* _Task directions_: Across the entries below, please work out how many lines contain the string "Power" and give only the number.

* _Given data_:
______
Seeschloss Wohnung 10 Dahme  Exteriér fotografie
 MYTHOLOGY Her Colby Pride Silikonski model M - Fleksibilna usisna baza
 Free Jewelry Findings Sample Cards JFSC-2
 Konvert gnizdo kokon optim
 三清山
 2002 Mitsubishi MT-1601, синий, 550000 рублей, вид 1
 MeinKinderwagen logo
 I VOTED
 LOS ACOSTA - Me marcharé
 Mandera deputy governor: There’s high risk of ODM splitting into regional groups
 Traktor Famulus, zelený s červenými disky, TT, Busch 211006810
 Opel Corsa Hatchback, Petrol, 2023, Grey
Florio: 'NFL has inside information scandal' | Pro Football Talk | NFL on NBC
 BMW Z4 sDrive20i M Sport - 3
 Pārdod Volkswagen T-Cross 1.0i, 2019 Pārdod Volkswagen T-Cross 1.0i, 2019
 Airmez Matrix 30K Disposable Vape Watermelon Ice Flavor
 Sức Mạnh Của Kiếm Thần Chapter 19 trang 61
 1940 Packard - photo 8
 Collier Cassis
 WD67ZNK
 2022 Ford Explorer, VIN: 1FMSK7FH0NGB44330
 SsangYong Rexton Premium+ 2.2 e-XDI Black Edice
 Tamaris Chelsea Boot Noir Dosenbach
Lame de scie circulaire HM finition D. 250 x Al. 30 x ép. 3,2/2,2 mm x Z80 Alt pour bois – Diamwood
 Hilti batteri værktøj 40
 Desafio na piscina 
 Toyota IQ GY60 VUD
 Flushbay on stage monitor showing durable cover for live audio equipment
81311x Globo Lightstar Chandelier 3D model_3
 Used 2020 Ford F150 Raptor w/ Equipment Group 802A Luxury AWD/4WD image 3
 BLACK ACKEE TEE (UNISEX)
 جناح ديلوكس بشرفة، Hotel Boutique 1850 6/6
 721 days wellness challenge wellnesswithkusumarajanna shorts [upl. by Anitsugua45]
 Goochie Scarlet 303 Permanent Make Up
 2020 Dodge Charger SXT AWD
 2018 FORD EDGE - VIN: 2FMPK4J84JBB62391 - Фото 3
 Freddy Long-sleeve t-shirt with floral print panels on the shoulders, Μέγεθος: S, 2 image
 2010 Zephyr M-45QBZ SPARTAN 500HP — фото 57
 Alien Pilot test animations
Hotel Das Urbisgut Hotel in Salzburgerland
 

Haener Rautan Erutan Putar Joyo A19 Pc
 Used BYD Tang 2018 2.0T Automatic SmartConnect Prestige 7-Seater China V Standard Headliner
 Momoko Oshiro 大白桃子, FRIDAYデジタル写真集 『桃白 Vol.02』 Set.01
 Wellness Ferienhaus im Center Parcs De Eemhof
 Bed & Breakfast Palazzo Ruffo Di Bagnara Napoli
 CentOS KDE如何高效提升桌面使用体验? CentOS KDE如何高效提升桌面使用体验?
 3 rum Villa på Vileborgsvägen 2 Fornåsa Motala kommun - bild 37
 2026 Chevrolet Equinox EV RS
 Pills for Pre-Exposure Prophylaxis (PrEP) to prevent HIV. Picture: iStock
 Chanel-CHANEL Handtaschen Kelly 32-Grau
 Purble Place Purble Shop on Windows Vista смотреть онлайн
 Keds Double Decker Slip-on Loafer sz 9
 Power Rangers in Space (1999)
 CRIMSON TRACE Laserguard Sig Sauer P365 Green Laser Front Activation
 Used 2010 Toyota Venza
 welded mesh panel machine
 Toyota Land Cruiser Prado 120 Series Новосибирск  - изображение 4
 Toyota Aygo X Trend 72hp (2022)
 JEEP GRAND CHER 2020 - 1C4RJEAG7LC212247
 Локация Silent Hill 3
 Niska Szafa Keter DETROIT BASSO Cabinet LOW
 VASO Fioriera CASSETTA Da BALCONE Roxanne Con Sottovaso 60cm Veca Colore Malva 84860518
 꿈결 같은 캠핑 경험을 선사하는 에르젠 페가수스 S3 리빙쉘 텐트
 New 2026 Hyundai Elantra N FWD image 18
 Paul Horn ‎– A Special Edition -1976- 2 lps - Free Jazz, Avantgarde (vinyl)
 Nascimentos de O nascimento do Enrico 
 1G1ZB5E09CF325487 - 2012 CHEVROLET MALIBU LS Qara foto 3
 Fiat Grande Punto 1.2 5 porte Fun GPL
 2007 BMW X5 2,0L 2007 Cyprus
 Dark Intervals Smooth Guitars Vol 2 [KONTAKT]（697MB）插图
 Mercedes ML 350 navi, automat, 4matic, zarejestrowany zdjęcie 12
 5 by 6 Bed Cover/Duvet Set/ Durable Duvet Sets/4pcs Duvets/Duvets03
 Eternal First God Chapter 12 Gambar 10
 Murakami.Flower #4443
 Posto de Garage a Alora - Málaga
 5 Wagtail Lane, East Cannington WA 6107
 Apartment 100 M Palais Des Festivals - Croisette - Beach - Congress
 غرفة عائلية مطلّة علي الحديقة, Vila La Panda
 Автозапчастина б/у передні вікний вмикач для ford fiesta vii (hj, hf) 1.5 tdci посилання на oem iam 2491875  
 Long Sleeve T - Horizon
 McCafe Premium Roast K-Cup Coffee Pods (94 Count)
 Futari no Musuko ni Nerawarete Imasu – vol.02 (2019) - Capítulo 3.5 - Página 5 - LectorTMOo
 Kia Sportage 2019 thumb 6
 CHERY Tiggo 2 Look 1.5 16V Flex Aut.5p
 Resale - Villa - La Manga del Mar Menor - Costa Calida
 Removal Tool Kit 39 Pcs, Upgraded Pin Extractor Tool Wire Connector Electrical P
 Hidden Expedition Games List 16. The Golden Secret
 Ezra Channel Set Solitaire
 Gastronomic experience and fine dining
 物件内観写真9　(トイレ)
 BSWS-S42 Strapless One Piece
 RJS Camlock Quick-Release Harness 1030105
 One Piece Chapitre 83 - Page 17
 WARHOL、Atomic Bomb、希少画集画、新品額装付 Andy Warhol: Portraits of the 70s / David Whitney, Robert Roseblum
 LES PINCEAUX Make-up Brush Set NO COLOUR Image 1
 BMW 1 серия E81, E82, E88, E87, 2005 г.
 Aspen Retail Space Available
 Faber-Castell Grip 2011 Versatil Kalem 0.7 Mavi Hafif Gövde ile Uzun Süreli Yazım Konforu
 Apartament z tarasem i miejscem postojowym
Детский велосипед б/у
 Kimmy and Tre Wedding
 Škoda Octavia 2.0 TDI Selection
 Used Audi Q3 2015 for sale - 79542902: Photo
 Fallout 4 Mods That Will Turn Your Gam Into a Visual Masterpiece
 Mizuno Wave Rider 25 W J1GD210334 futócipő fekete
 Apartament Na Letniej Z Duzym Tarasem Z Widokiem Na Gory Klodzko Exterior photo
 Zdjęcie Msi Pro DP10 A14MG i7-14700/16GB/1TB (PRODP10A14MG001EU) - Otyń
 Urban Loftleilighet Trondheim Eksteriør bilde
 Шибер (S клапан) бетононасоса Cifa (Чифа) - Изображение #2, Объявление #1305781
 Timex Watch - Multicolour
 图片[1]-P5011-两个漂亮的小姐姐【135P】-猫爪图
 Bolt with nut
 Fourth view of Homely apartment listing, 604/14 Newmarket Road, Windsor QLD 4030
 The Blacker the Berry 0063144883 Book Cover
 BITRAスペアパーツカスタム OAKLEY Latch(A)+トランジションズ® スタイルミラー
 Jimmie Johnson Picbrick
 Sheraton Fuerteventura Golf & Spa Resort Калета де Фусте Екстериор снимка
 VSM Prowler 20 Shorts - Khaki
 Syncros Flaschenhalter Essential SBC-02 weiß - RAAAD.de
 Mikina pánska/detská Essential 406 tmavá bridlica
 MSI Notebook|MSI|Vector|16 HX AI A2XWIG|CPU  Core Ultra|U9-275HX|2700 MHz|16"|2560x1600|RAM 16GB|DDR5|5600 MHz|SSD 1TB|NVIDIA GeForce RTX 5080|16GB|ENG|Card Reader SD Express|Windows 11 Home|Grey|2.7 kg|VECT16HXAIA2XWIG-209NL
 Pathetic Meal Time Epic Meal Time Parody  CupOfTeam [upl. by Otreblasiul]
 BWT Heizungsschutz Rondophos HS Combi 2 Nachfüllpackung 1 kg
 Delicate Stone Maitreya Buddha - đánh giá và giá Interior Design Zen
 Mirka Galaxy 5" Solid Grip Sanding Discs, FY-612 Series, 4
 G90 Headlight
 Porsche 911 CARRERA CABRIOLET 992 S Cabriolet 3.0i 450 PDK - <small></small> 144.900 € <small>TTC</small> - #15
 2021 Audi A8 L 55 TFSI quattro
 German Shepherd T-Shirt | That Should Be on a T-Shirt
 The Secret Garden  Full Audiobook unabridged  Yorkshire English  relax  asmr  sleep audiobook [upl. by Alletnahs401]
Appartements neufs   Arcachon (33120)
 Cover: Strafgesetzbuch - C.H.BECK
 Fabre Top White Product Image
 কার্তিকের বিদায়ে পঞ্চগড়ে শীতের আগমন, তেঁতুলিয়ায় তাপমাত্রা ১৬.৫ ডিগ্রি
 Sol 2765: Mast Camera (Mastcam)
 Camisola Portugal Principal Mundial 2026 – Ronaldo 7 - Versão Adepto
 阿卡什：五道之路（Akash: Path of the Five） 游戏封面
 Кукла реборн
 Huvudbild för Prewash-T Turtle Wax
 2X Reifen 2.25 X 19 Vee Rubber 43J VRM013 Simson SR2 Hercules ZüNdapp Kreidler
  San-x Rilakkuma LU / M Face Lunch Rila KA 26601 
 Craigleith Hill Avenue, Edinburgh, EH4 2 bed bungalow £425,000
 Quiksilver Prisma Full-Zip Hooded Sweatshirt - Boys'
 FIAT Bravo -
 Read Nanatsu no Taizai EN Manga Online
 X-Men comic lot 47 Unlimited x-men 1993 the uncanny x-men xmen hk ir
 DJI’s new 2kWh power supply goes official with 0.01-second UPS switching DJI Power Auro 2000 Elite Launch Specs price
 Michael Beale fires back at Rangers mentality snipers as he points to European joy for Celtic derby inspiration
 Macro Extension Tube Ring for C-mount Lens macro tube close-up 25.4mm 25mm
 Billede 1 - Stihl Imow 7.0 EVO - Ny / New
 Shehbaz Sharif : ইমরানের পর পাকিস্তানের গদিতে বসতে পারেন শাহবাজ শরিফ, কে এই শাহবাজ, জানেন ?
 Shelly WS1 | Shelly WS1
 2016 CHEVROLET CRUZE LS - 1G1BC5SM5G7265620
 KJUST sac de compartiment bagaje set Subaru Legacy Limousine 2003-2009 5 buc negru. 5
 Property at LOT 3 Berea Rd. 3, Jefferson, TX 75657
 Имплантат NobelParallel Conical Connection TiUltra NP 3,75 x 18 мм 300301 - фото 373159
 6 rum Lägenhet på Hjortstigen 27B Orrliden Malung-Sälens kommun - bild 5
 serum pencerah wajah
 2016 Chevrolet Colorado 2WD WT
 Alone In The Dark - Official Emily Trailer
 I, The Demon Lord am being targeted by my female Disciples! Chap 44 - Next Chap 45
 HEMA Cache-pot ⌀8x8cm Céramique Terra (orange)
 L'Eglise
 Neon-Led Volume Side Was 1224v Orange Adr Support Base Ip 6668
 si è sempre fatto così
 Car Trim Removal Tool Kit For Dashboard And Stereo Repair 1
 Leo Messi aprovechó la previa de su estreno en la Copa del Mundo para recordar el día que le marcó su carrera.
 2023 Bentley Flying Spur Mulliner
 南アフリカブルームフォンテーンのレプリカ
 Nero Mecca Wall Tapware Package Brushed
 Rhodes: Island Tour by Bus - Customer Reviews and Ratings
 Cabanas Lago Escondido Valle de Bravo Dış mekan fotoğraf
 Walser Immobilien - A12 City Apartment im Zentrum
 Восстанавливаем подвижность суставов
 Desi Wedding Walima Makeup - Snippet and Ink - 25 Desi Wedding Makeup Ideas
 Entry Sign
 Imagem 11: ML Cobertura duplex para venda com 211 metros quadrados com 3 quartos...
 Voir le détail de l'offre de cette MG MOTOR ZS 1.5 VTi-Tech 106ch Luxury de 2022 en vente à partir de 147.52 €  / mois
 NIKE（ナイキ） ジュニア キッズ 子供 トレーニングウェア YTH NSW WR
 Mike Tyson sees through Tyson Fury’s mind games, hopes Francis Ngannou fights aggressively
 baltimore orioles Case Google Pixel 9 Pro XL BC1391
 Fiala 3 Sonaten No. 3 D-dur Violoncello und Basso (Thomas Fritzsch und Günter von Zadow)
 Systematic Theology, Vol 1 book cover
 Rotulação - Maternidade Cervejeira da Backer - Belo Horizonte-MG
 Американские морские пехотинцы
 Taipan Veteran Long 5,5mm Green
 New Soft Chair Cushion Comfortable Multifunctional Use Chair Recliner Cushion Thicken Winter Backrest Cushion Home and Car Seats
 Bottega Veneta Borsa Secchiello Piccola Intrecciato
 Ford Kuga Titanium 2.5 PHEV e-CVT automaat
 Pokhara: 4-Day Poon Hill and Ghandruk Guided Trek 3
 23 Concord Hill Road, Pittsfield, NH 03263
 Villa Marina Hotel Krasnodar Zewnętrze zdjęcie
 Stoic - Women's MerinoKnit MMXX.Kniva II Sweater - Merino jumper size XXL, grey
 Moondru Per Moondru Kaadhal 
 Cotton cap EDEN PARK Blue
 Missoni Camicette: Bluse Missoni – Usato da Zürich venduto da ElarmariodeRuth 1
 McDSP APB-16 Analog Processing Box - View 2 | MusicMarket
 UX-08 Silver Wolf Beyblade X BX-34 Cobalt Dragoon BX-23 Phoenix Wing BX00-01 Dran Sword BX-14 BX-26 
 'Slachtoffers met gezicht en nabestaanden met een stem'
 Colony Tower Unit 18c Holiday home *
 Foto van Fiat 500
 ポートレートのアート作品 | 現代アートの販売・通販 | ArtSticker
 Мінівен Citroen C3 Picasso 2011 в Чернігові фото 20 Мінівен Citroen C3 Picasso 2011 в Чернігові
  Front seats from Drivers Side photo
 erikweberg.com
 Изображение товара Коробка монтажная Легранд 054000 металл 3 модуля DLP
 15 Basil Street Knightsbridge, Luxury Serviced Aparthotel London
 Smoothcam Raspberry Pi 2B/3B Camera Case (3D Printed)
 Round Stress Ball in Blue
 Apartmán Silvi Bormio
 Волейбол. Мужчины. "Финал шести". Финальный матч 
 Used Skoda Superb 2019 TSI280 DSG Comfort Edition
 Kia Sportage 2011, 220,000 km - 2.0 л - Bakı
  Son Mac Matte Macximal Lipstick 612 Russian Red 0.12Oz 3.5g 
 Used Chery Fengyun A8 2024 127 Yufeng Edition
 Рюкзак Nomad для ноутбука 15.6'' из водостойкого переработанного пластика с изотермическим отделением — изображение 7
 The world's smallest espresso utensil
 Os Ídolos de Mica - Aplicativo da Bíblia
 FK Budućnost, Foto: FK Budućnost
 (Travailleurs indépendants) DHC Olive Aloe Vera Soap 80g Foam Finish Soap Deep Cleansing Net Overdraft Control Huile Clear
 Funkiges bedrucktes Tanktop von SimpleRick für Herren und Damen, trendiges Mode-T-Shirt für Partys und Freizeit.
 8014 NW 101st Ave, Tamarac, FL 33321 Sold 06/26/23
______
* _Response to the exercise_: 2